悩み:今、大学1年生ですが、学業と部活、そして研究所と企業での仕事の“4足のわらじ”を履いています。大変忙しいのですが、楽しすぎて眠れません。体に悪いとわかっているのですが、どうしたらいいでしょうか。

 こんにちは。名古屋大学の1年生です。

 私は今、学業と部活動の他に、国立研究所ととある企業で働かせて頂いているのですが、忙しすぎて夜が遅くなりがちで、寝ても次の日の仕事が楽しみ過ぎてすぐに起きてしまいます。このままだと体に良くないとは分かっているのですが、わかっていても、仕事が楽しすぎて眠れません。

 上田さんもそんなことがありましたか? 上田さんはそんなときどうするかぜひ聞きたいです!

(石崎 名古屋大学 工学部 1年)

今週から数回にわたって、10月23日に開催した「上田さんのリアル相談室」でのライブ相談の模様を再録します。(写真:的野弘路)

大竹 剛(日経ビジネス 編集):では早速なんですけれども、1つ目の悩みです。上田さん、準備はよろしいでしょうか。

上田 準二(ユニー・ファミリーマートホールディングス相談役):はい、どうぞ!

大竹: 1つ目は、「Raise」に寄せられたお悩みですね。名古屋大学の1年生から。

 上田さん。
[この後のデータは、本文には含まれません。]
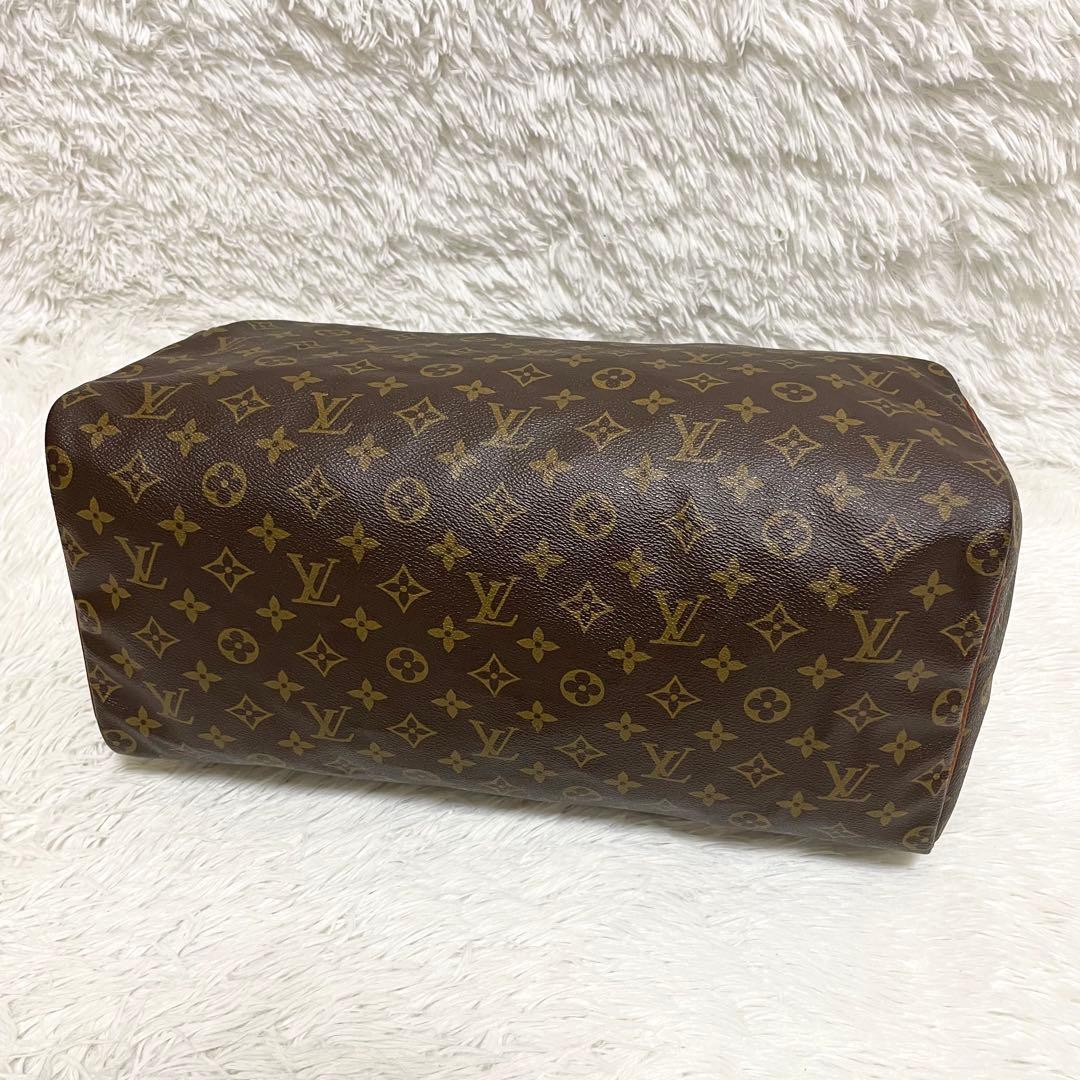 ルイヴィトン　ボストンバッグ　スピーディ40 モノグラム　ブラウン　ヌメ革　廃盤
仕事を生きがいとして、楽しんでこられた上田さんにしてみると、このような学生は頼もしく映るんじゃないですか。

本連載で反響の大きかった35の相談が1冊の本になりました!

上田:まあ、こういう経験はもうたくさんしましたよ。まず大学時代。僕は大学構内の自治寮に住んでいましてね、もう毎日毎日朝まで皆とくだらん議論をやって、学校にはそのまま寝間着の姿で単位を取るために出ていました。しまいには、それすらできなくなって、代返を頼んだり、ノートを借りたりして、何とか試験を受けていました。

 じゃあ、そのときに体がおかしくなったかというと、まったくなりませんでしたよ。そして、伊藤忠商事に入ったわけですが、入社1~2年目は、僕には合ってない、辞めようかと思っていたんです。

 けれども3年目、転勤になり、営業部門に異動したんです。そうしたら、だんだん仕事が面白くなって、お取引先のところに夜も朝も押し掛けるようになった。当時は畜産の仕事をやっていましたが、お取引先にはお酒が好きな方が多かったんですよ。商談と称した飲み会を、電車があるうちに帰るなんて何を考えているんだ。もう、朝そのまま会社に行けばいいじゃないか、と言われるわけ(笑)。これがたまにじゃなく、そんな日がないことの方が少なかったですね。

 

 おそらくあの当時の睡眠時間、まあ、結婚してからも変わりませんでしたが、1日3時間ぐらいだったんじゃないかな。

 

 でも、体を壊したかというと、壊さないんですよ。自分が好きでやっているんですから。嫌々やらされたら死んじゃいます。でも、自分が好きでやっていることであってね。

 

 ただし、人間の体というのはよくできているもので、寝られない、寝られない、なんていって仕事を楽しんでいても、必ずどこかで寝ているんですよ。電車のつり革にぶら下がって寝ているとか、会議で寝ているとか(笑)。

 

  私の場合、例えば日曜日とかは、もう布団に入ったら夕方まで起きない。もちろん、寝られない、寝られないという兆候がありますから、途中で何度も目を覚まします。だけど絶対布団から出ない。子供は騒ぎますが、うちの奥さんが、お父ちゃんは今日が夜だからと言ってくれてね。

 

 つまり、月、火、水は朝、木、金が昼、土、日が夜なんだと(笑)。結局は、きっちり1週間を3等分している。だからお父ちゃんを寝させておけと、こう言っていましたね。実は僕がそう言ったんですけどね(笑)。

 

 だから、絶対にこの相談者も大丈夫です。体の調子が悪くなるなんてことはありません。だけど、日曜日は布団から出るな(笑)。そのうえで好きなことは徹底的にやりなさいということですね。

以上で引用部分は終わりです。